*WORK TO COMPLETE*
With the pictures omitted, transcribe each line below exactly as it is.

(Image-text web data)
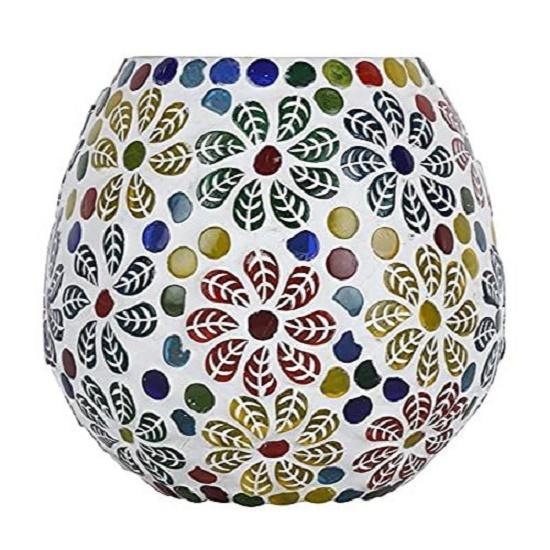 Glass Mosaic Candle Light Holder/Candle Light for Home Bar Restaurant Cafe Decoration, Pack of 2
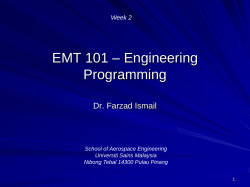 C++ Basics-Week-2 - School of Aerospace Engineering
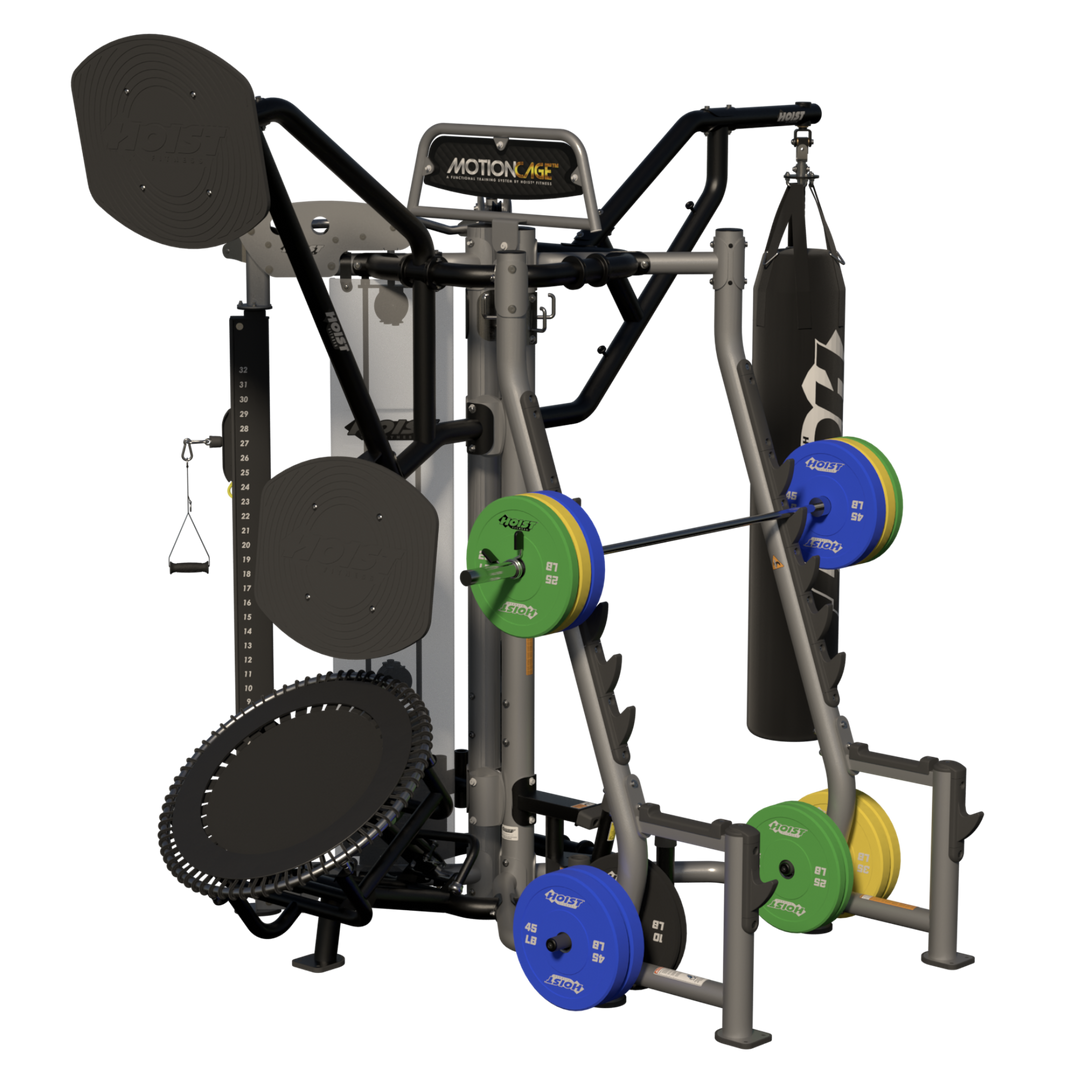 rear angled view of Motion Cage Studio Package 5 showcasing compact commercial training and accessory organization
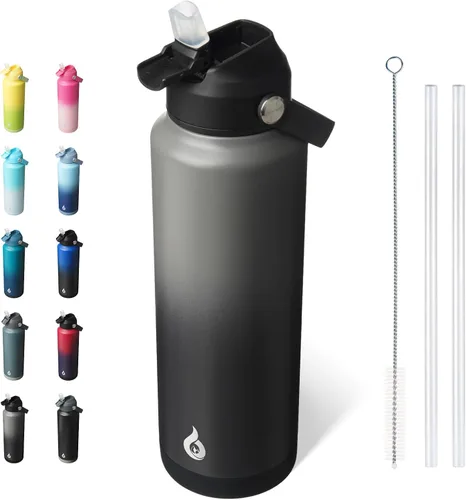 Miniatura 14 de BJPKPK - Botella de agua aislada con tapa de popote, 532 ml Botellas termo con boquilla suave, asa flexible y base antideslizante, libre de BPA, a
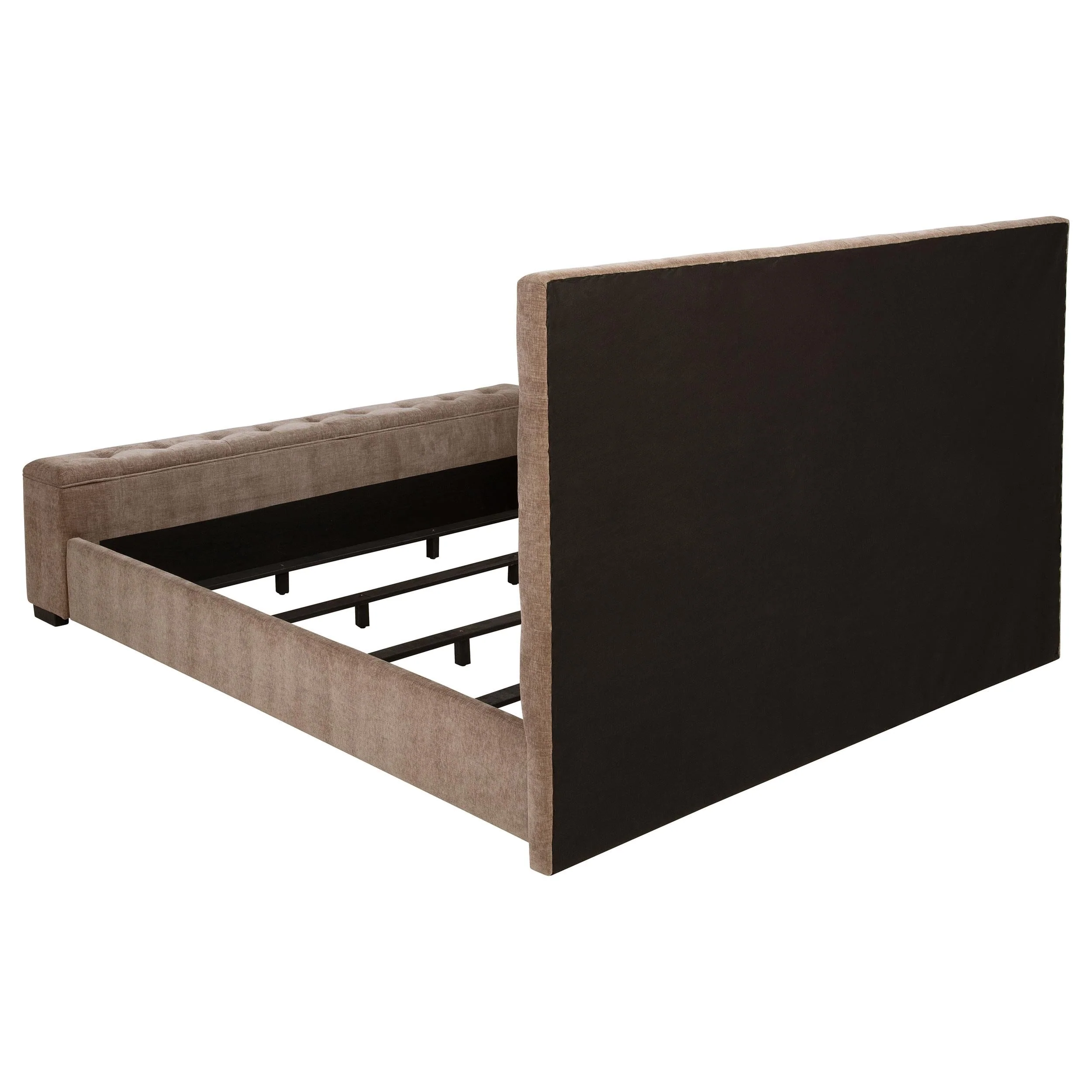 Senna Brown Upholstered Queen Audio Fireplace Bed - Image 5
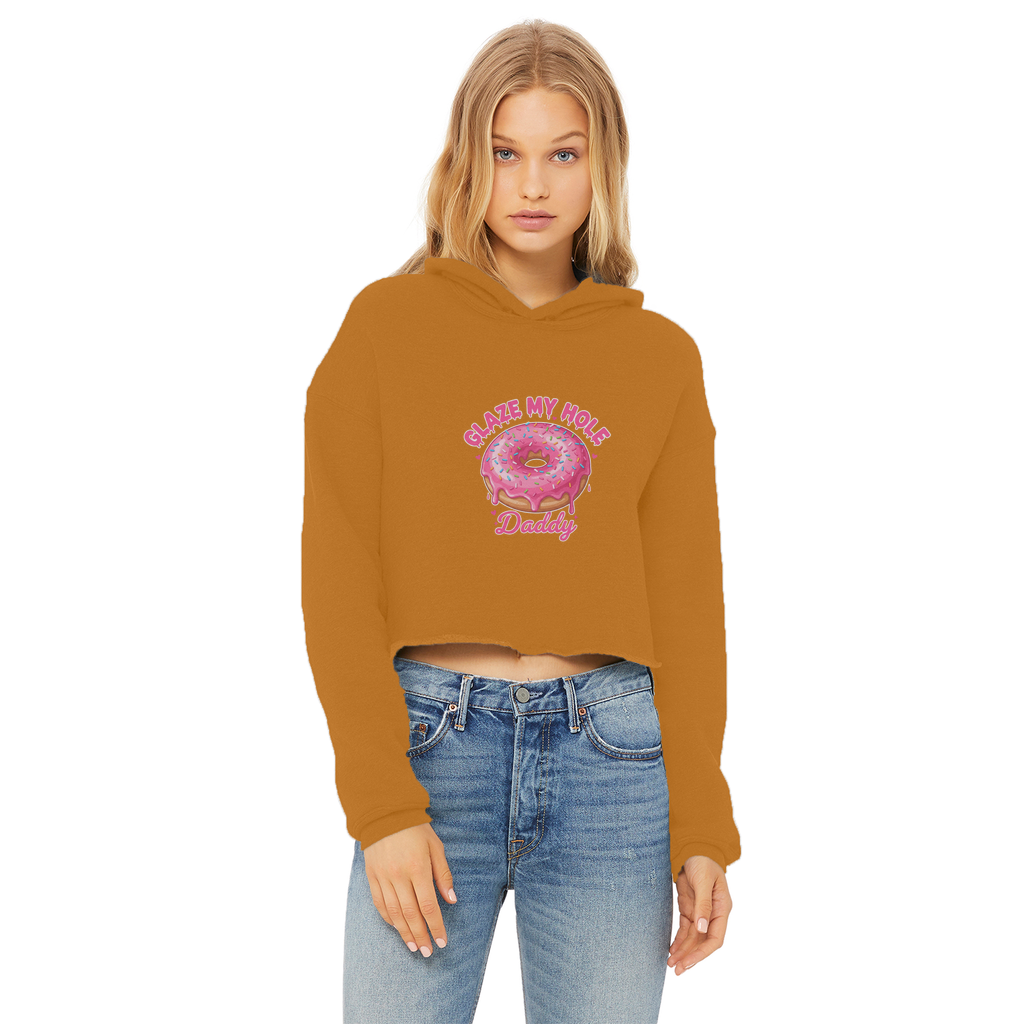AOC Ladies Cropped Raw Edge Hoodie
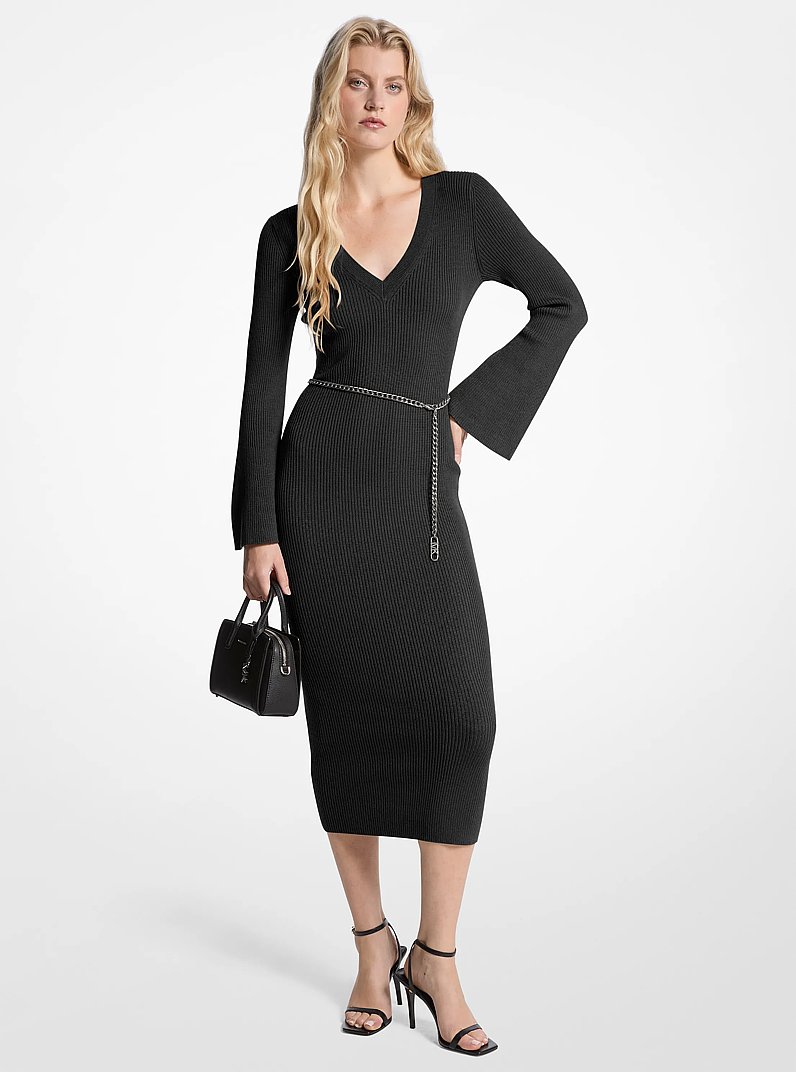 Wool Blend Belted Midi Dress in BLACK | Michael Kors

*WRITTEN ANSWER*
 Glass Mosaic Candle Light Holder/Candle Light for Home Bar Restaurant Cafe Decoration, Pack of 2
 C++ Basics-Week-2 - School of Aerospace Engineering
 rear angled view of Motion Cage Studio Package 5 showcasing compact commercial training and accessory organization
 Miniatura 14 de BJPKPK - Botella de agua aislada con tapa de popote, 532 ml Botellas termo con boquilla suave, asa flexible y base antideslizante, libre de BPA, a
 Senna Brown Upholstered Queen Audio Fireplace Bed - Image 5
AOC Ladies Cropped Raw Edge Hoodie
 Wool Blend Belted Midi Dress in BLACK | Michael Kors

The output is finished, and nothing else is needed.